PCCW Global, a subsidiary of Hong Kong Telecom, is a communication service provider with global coverage. Semantic Arts worked with PCCW Global to improve visibility into assets available for customer service to optimize the value of billions of dollars of capital investment and improve the PCCW Global customer experience.
Prior to the engagement, the relevant data was stored in multiple application siloes. Each application used its own set of identifiers. Creating the views needed by Sales was a time-consuming manual process.
PCCW Global translated the needs of Sales into a short list of competency questions, i.e. questions the knowledge graph would need to answer. We then used the competency questions to establish an extension to the Semantic Arts gist upper ontology. With the target view established, we then worked with SMEs to identify which data elements from which applications would be required to create the knowledge graph.
Data was extracted from the sources in two ways. We used the tarql program to convert comma-separated values into semantic triples of the form subject – predicate – object. For data that was available in json format, PCCW Global provided a custom program to convert the data into rdf triples. Subsequently, we refined the code used on this project to create a generic program to convert json data to triples guided by a configuration file that identifies how to handle special cases such as data about one class embedded in the data for a different class.
To simplify the transformation of data from data silos to a single knowledge graph, we first consolidated the data from all the sources and then performed the transformation to triples.
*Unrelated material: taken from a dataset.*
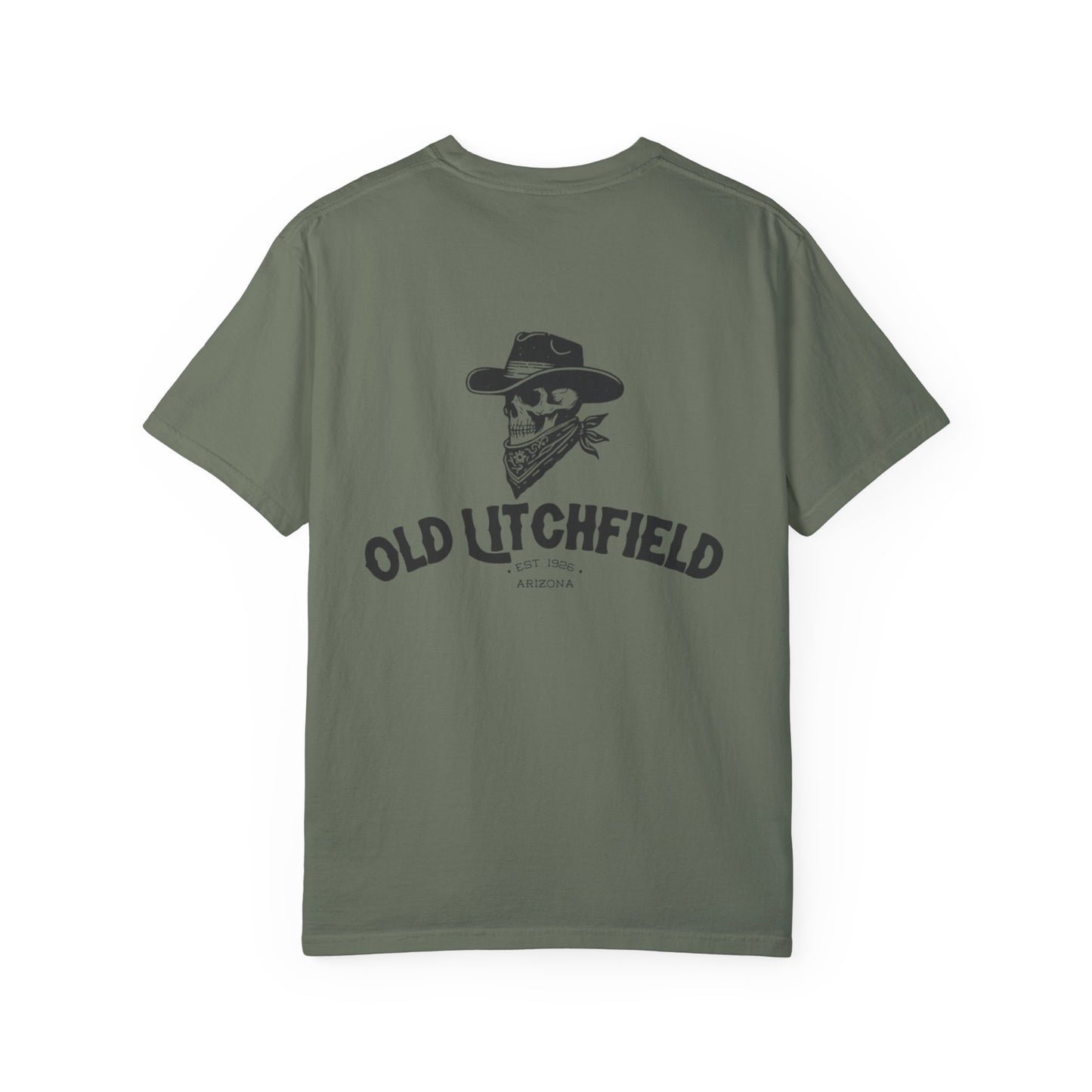 Wild West Old Litchfield Tee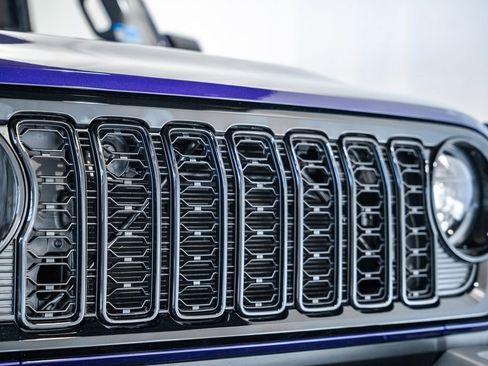 New 2026 Jeep Wrangler Willys image 9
In effect, rather than a conventional ETL (Extract-Transform-Load) approach, we used ELT: Extract-Load-Transform. The data was loaded into the knowledge graph as “naïve” triples that used existing relational column names as predicates. The logic for creating a single node with a unique, permanent ID for each network object could then be executed on the consolidated data from the multiple sources.
After completing the two-step data ingestion, we had a concise set of triples with no duplication of data and we were able to answer all of the competency questions. Along the way, we identified potential applications of mathematical graph theory that could refine the view of usable spare network capacity given the existing configuration of connections between network elements and existing service.
Having completed the analysis, design, and implementation, key questions about assets available to provide service to PCCW Global customers can be answered directly from the knowledge graph, and cumbersome manual piecing data together from multiple sources is no longer required.